Ibu kota baru Malaysia itu bernama Putra Jaya, yang dirancang secara futuristik, mulai dari konsep tata kota, sistem transportasi, hingga deretan bangunan pemerintahannya.

Berdekatan dengannya adalah Cyberjaya, yakni sebuah kota kecil yang didesain sebagai pusat pengembangan ilmu pengetahuan, dan digadang-gadang menjadi Lembah Silikon-nya Asia Tenggara.

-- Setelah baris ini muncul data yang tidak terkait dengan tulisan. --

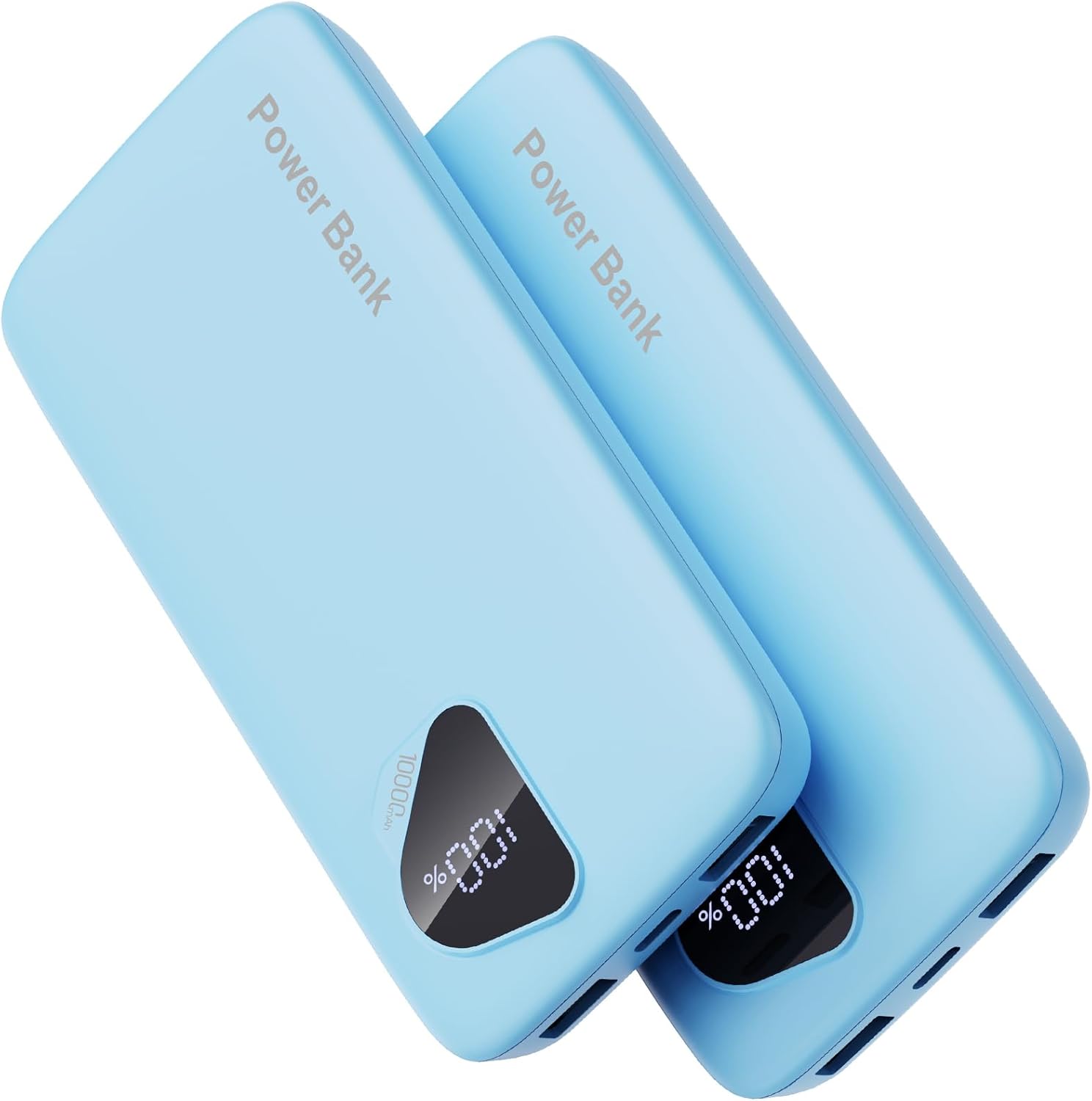 2026 2-Pack 10000mAh Portable Charger Battery Pack with Built in Cables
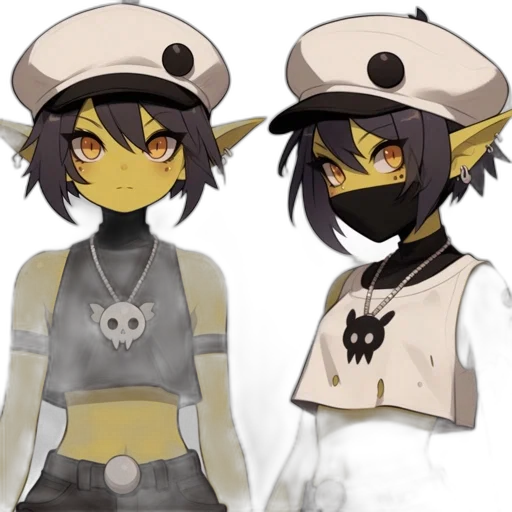 mask, hat, staff, concept art transparent PNG cut-out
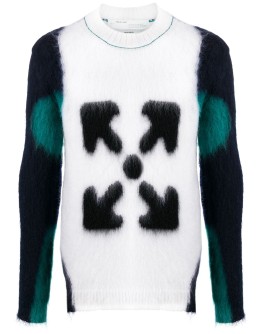 Arrows intarsia jumper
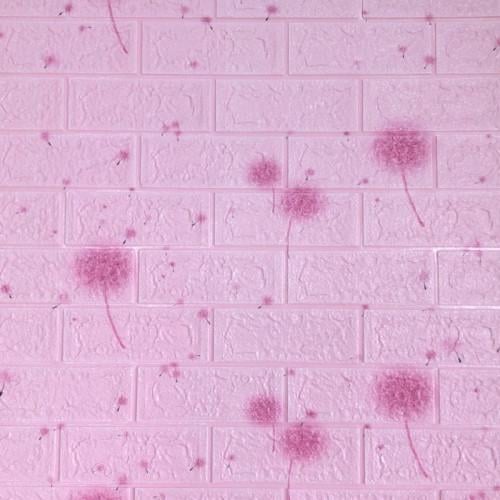 Панель самоклеюча 3D під цеглу Кульбаби 700x770x5 мм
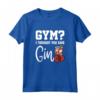 Divertente Gym? I thought you said Gin! Gin Tonic & Longdrink Maglietta per Amanti dell'Alcol - Ideale per Compleanni, Natale e Feste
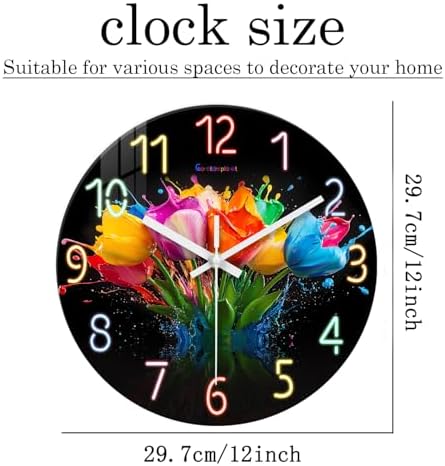 Flower Wall Clocks Battery Operated 12 Inch - Image 5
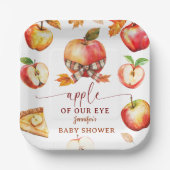 Apple Baby shower genderneutraal Papieren Bordje (Voorkant)
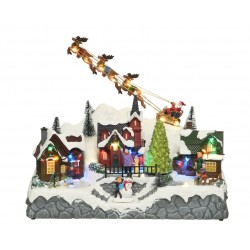 Village Traineau Volant Led...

3. Myanmar: Yangon ke Naypyidaw

Penasihat Negara Myanmar Aung San Suu Kyi menyampaikan pidato nasional terkait Rohingya di Naypyidaw (19/9). Dalam pidatonya, ia menjelaskan bahwa Pemerintah Myanmar tidak lari dari tanggung jawab. (AFP Photo/Ye Aung Thu)

Yangon, juga disebut Rangoon, adalah ibu kota Myanmar sejak kemerdekaannya pada 1948. Namun, pada 2006, pemerintah secara resmi mengumumkan pemindahan pusat pemerintahan ke Nay Pyi Taw, atau Naypyidaw dalam ejaan Latin.

Dalam bahasa setempat, Naypyidaw berarti "Tempat Tinggal Para Raja". Kota ini terletak sekitar 20 mil (setara 32,1 kilometer) sebelah barat kota Pyinmana, yang dikenal sebagai salah satu tingkat malaria tertinggi di negara itu.

Menurut jurnalis Joshua Hammer dalam artikelnya di The New Yorker, Naypyidaw dijangkau sekitar lima jam berkendara ke utara Yangon.

"Ini adalah kota metropolitan dengan jalan-jalan lebar yang kosong, berbagai bangunan megah, dan lapangan golf indah bagi para elite politik lokal beranjang sana," tulisnya.

"Pembangunannya masih berlanjut hingga sekarang, yang dimulai pada 2002 secara diam-diam," lanjut Hammer.